Start of Block
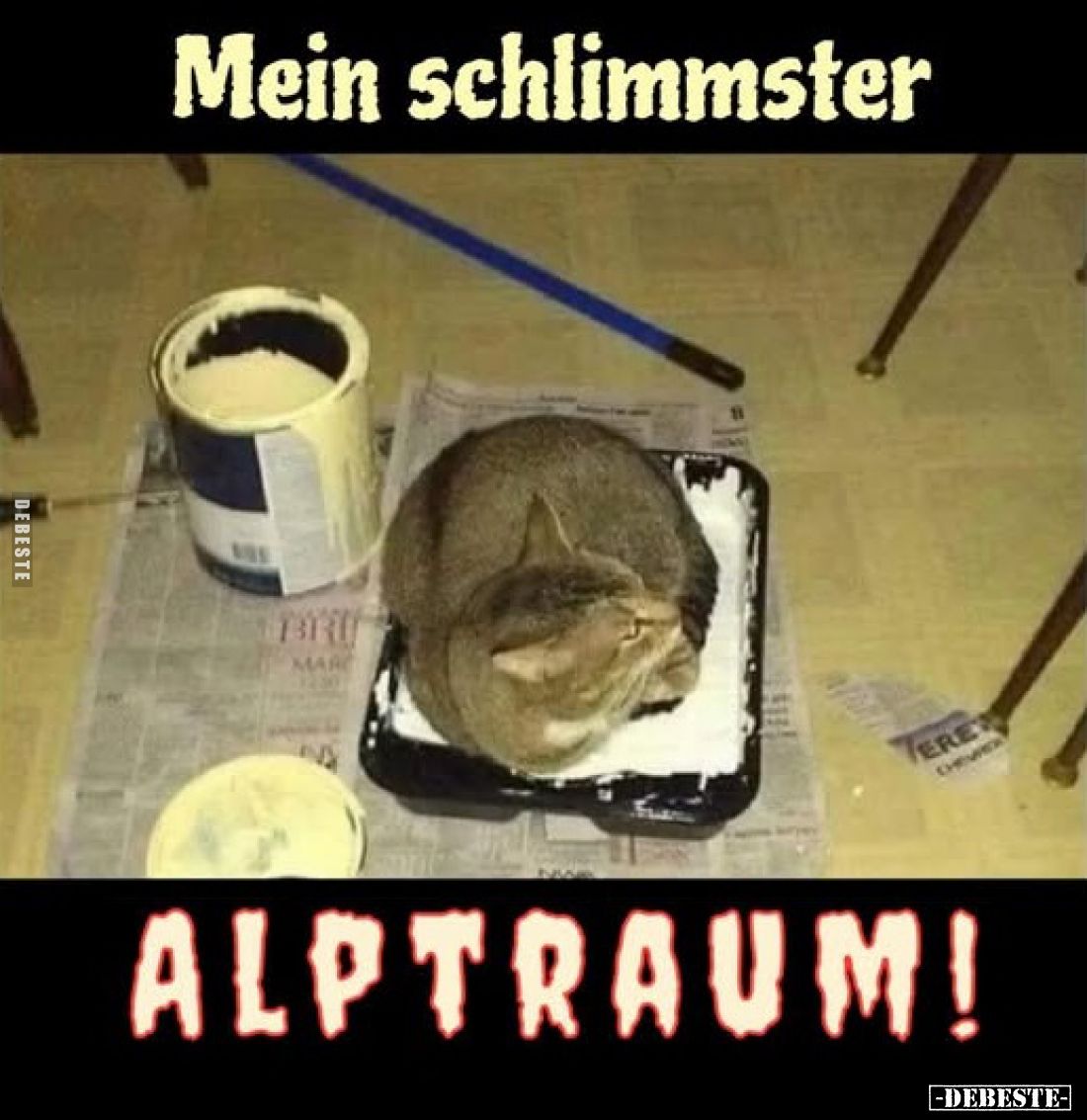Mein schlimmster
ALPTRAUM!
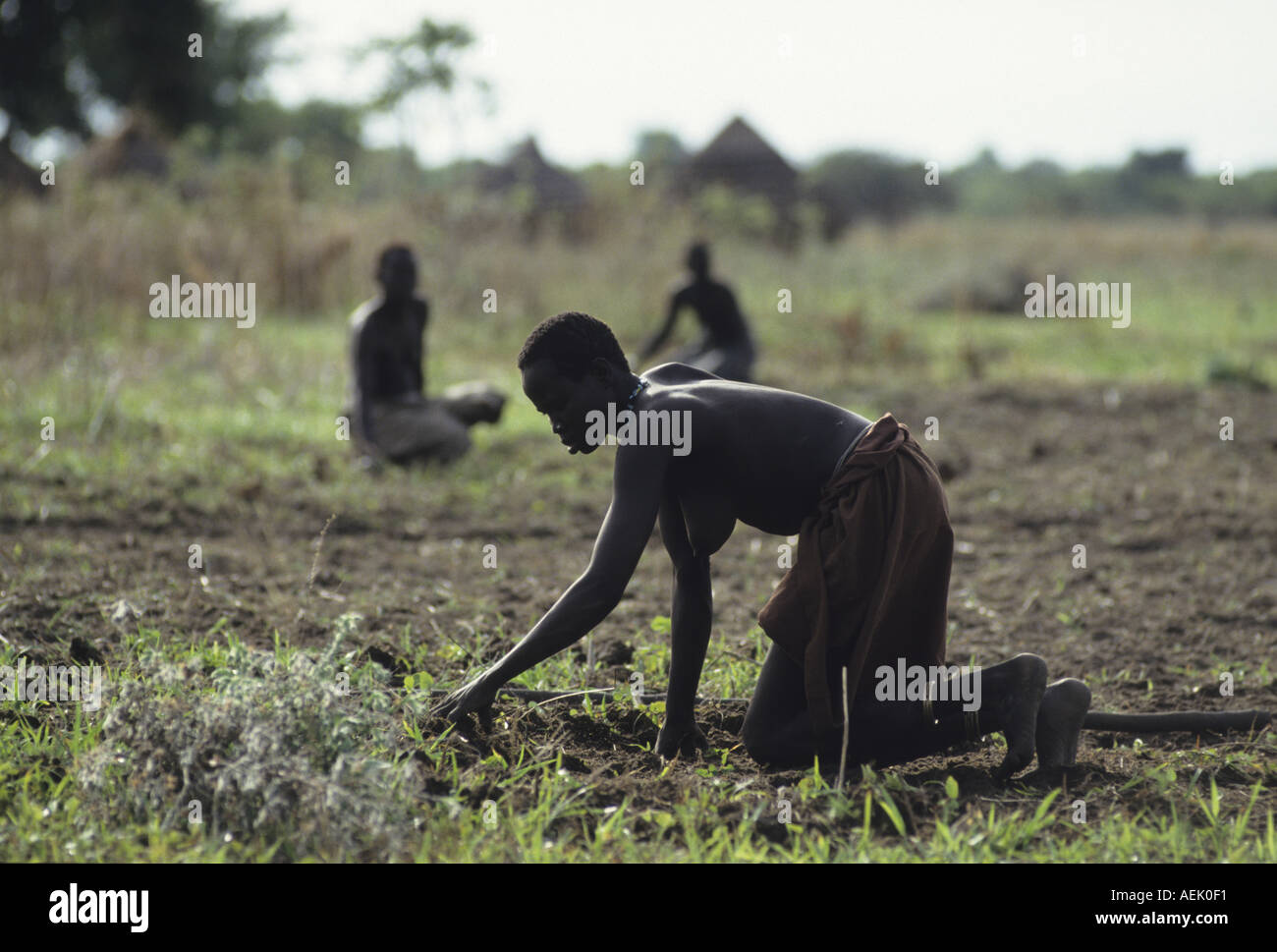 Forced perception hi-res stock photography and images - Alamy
End of Block
Start of Block
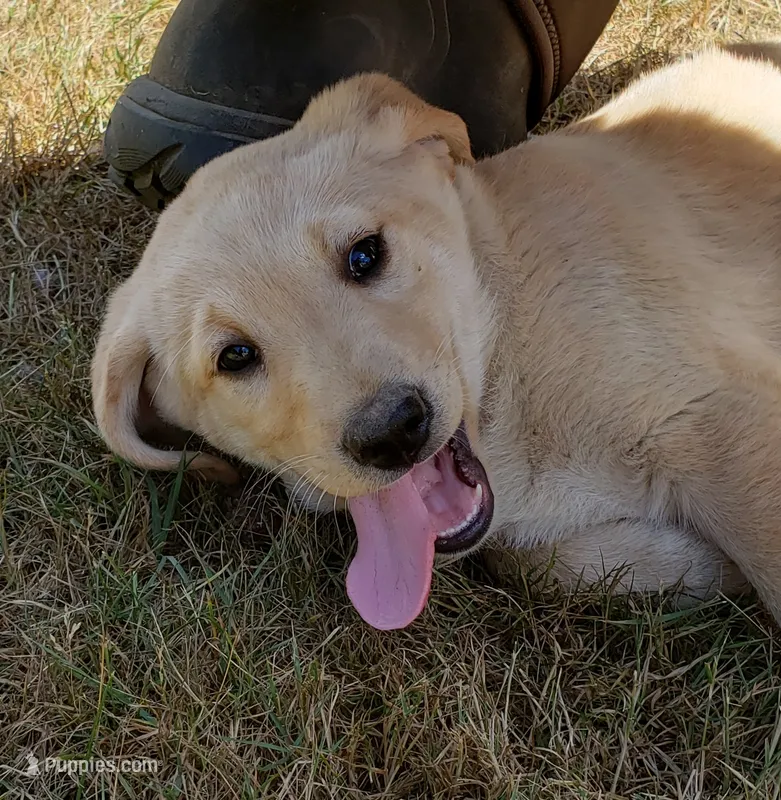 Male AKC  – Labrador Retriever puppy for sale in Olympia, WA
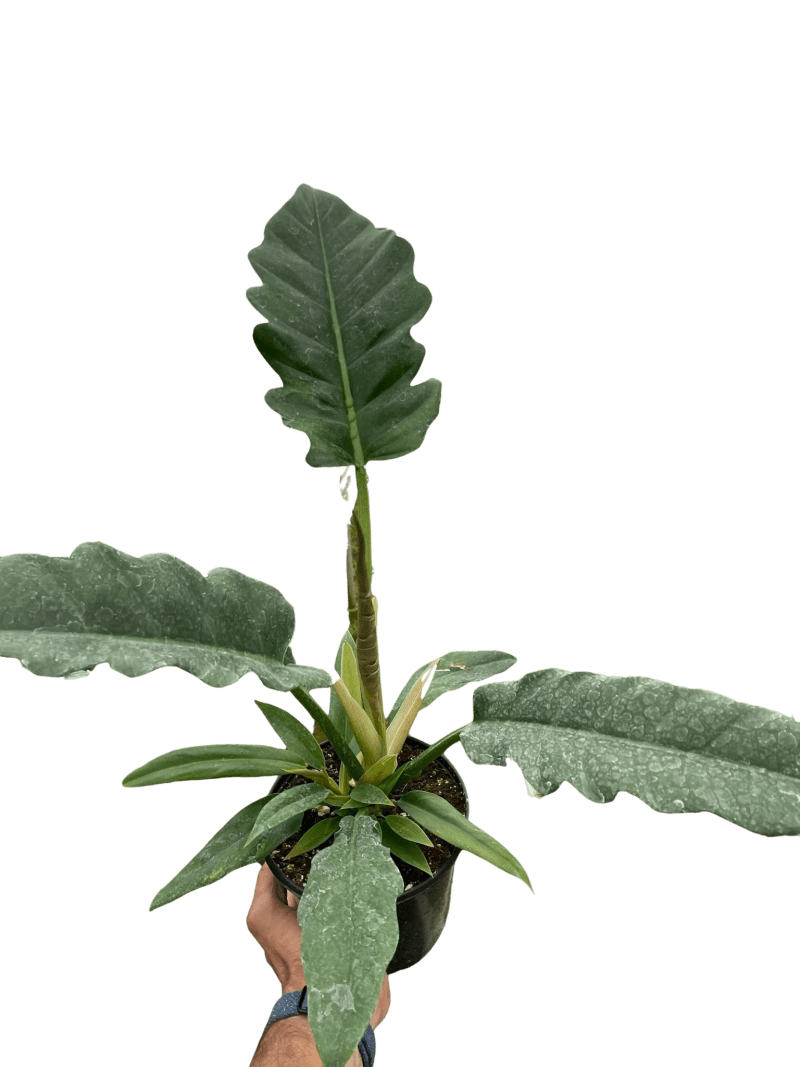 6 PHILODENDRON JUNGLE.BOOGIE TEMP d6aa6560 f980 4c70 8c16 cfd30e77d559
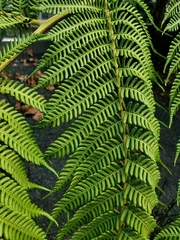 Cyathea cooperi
End of Block
◆ Goal of the exercise
Output exactly the lines above, beginning at the one with "6 PHILODENDRON JUNGLE.BOOGIE" and stopping after the one with "Cyathea cooperi". Pictures are to be omitted.

◆ Your solution
 6 PHILODENDRON JUNGLE.BOOGIE TEMP d6aa6560 f980 4c70 8c16 cfd30e77d559
 Cyathea cooperi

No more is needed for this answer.